La familia de Mbappé se instaló en el extrarradio de París, en los mismos barrios en los que ocurrieron en 2005 violentas protestas de trabajadores, muchos de origen migrante, marginados y explotados por el racismo económico y social franceses.

Hay otras historias, menos visibles, que no hacen titulares en los grandes medios internacionales, y si lo hacen no es con nombres propios, como sí ocurre cuando el protagonista es un futbolista marroquí o uno francés de padres africanos. Son las historias de los miles de migrantes nepalíes, indios, paquistaníes o bengalíes que llegaron a Qatar, el rico emirato petrolero que es sede de la copa del mundo, a construir los estadios en que ahora juegan Mbappé, Lionel Messi, el astro argentino, y todos los demás. Según un informe del diario británico The Guardian, 6,500 de esos migrantes murieron entre 2014 y 2020 en condiciones de explotación laboral durante la construcción de la infraestructura necesaria para el Mundial. Estas cifras sí han hecho titulares, no así -o muy poco- las historias personales, con nombre y apellido, de las víctimas.

Dice el periodista y escritor español Enric González que el fútbol “como el flamenco, el jazz, el blues, la novela negra, el comic o las series de televisión, surge de la cultura popular… (que) nos gusta porque nos vuelve locos, o niños. Y nos gusta tanto que asumimos con la cabeza gacha la hedionda corrupción que rodea el negocio”.

No le falta razón a González. En este rincón del mundo que es Centroamérica, marginal en desarrollo, democracia, también en fútbol, nos encanta este juego y, últimamente, solemos agachar mucho la cabeza. Y aquí, en el istmo, somos migrantes del fútbol, migrantes emocionales: el nuestro es tan malo, tan mediocre, que cada cuatro años, a falta de equipos nacionales con el mínimo nivel competitivo, nos toca escoger si vamos con Brasil o con Argentina, hasta con México.

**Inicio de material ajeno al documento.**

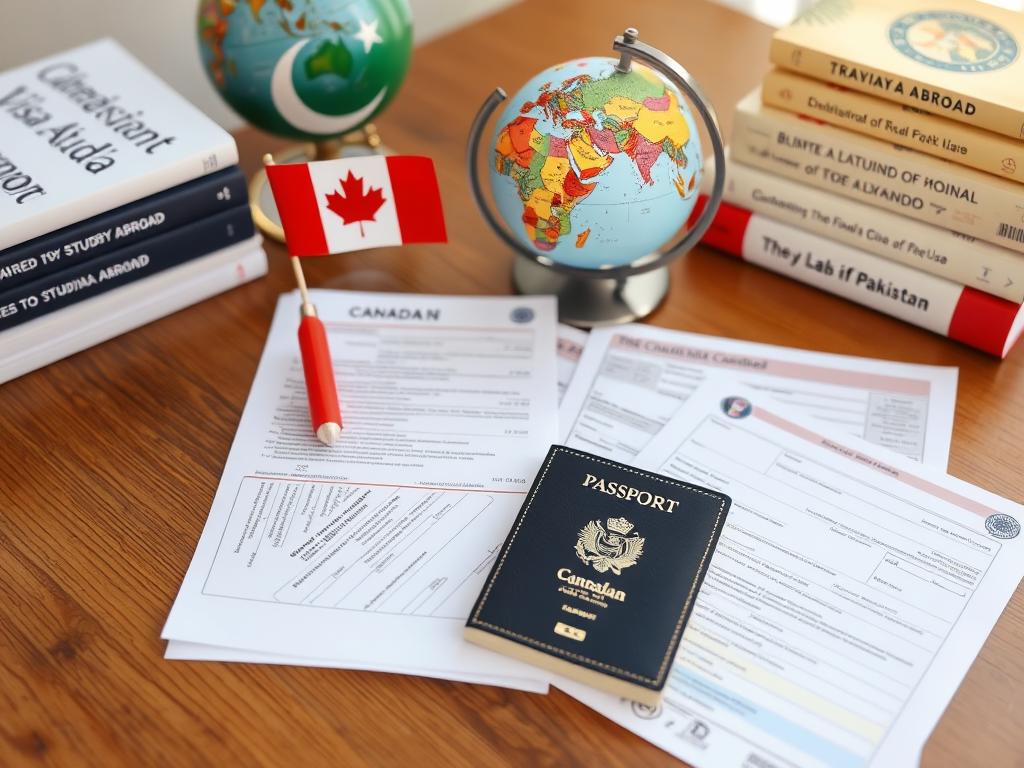 Top 20 Canada Embassies in Pakistan for Study & Work Visas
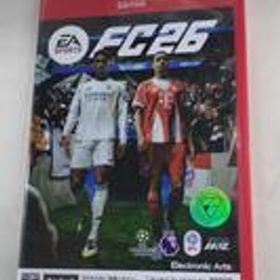 SWITCHソフト EA SPORTS FC 26 エレクトロニック・アーツ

Si hurgamos más allá del espectáculo en el Mundial de Qatar, del grito por camisetas ajenas y futbolistas que si acaso tienen en común con nosotros, centroamericanos, que hablan español, podemos encontrar algo, allende el fenómeno pop, de lo que sí sabemos: la similitud con las historias de los migrantes nuestros, que como lo hacen los paquistaníes o bengalíes que construyen en el emirato, duermen apiñados en minúsculos departamentos de los Estados Unidos, donde descansan unas horas de las triples jornadas de trabajo en los grandes edificios de cristal de Nueva York, Washington o Los Ángeles.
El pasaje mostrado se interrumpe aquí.